» **Brief**: Carry none of the pictures over; write out the complete data exactly.

Short descriptive text snippets
↓↓↓
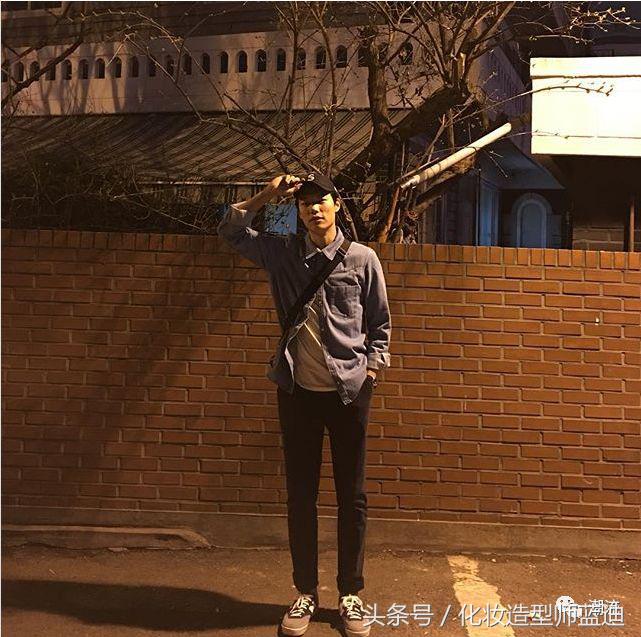 丑帅魅力帅哥,丑帅标杆柳俊烈图片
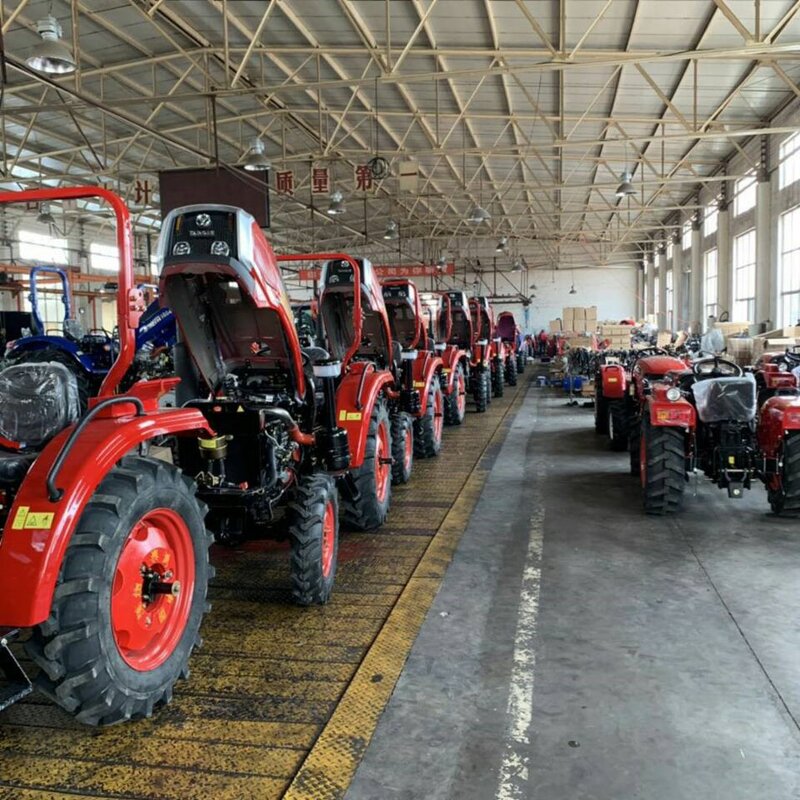Mini Agricultural Tractor Supplier - 2WD 4WD 30-40HP for Sale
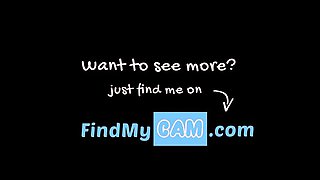 Big-Tit Blonde Latina Sloppy Sucks BBC on Webcam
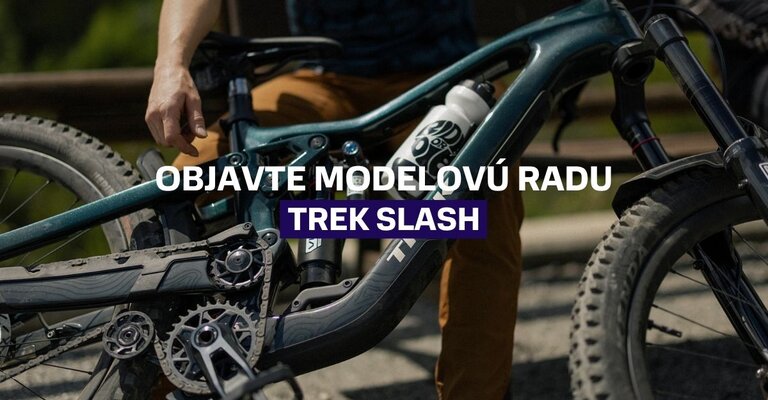 Objavte modelovú radu Trek Slash: Enduro bez kompromisov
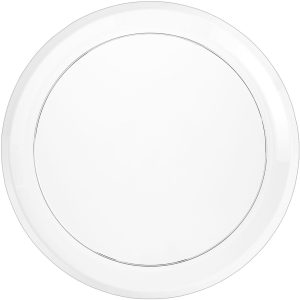 Plastic Round Platter. Assorted Colors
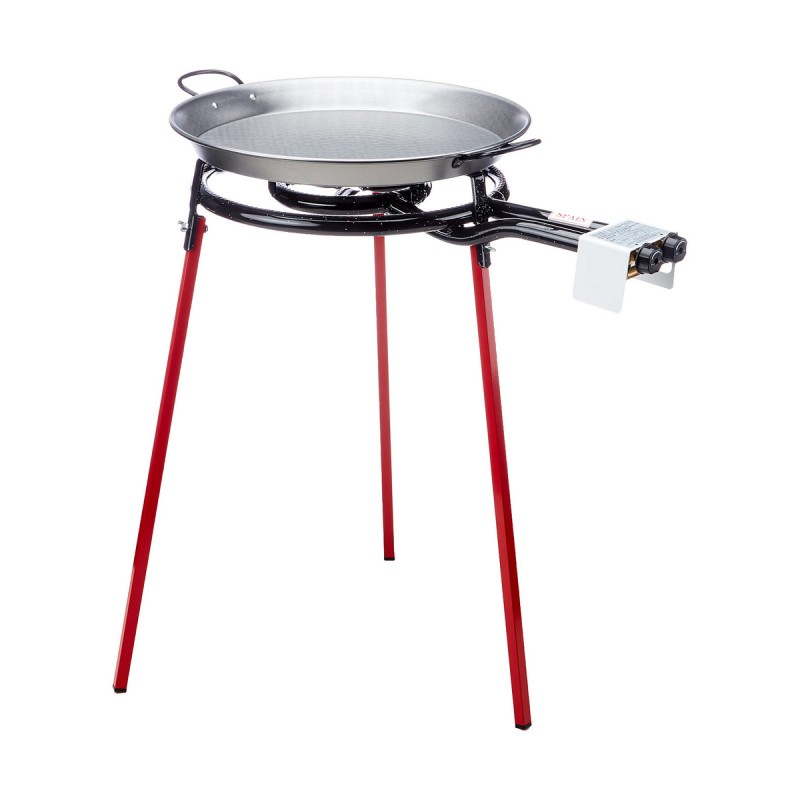 Bruciatore per Paella Vaello Ø 40 cm Tripode Bruciatore Bruciatore per Paella Vaello Ø 40 cm Tripode Bruciatore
↑↑↑
» **Problem solution**:
 丑帅魅力帅哥,丑帅标杆柳俊烈图片
Mini Agricultural Tractor Supplier - 2WD 4WD 30-40HP for Sale
 Big-Tit Blonde Latina Sloppy Sucks BBC on Webcam
 Objavte modelovú radu Trek Slash: Enduro bez kompromisov
 Plastic Round Platter. Assorted Colors
 Bruciatore per Paella Vaello Ø 40 cm Tripode Bruciatore Bruciatore per Paella Vaello Ø 40 cm Tripode Bruciatore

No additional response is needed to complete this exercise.